SQL window functions LAG and LEAD

2024-01-15

LAG and LEAD allow you to access data from previous or subsequent rows in the same result set without any joins.

Let there be some time series data: a table of city names, dates, and daily maximum temperatures. That’s what we see in the first three columns of the following table (not necessarily ordered).

city	dt	temp	prev_temp	next_temp	diff
Leipzig	2024-01-01	0	NULL	5	NULL
Leipzig	2024-01-02	5	0	-3	5
Leipzig	2024-01-03	-3	5	-1	-8
Leipzig	2024-01-04	-1	-3	NULL	2
Paris	2024-01-01	8	NULL	3	NULL
Paris	2024-01-02	3	8	12	-5
Paris	2024-01-03	12	3	NULL	9

The remaining columns are derived from the first three with the help of LAG and LEAD (What’s new in SQL:2011, 8.2.1).

SELECT *,
    LAG(temp) OVER city_dt AS prev_temp,
    LEAD(temp) OVER city_dt AS next_temp,
    temp - LAG(temp) OVER city_dt AS diff
FROM temperature
WINDOW city_dt AS
    (PARTITION BY city ORDER BY dt);

What happens here? We partition the table by city and order each partition by date. Now we pick the previous and the next temperature for each row within each partition. If there is no previous or next data point within the same partition, we get NULL. One use case for this is computing differences between adjacent rows.

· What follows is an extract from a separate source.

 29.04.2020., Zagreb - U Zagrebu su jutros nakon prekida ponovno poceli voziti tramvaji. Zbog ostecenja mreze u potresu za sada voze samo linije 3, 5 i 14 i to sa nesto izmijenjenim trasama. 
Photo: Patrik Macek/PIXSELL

Why is it fast? The data can be partitioned in linear time using hashes of the PARTITION BY values. After this first step, we can work on each partition in parallel, starting with ORDER BY. If the number of partitions is much smaller than the number of threads, we might want to add some intra-partition parallelism, see Efficient Processing of Window Functions in Analytical SQL Queries (Leis et al., 2015).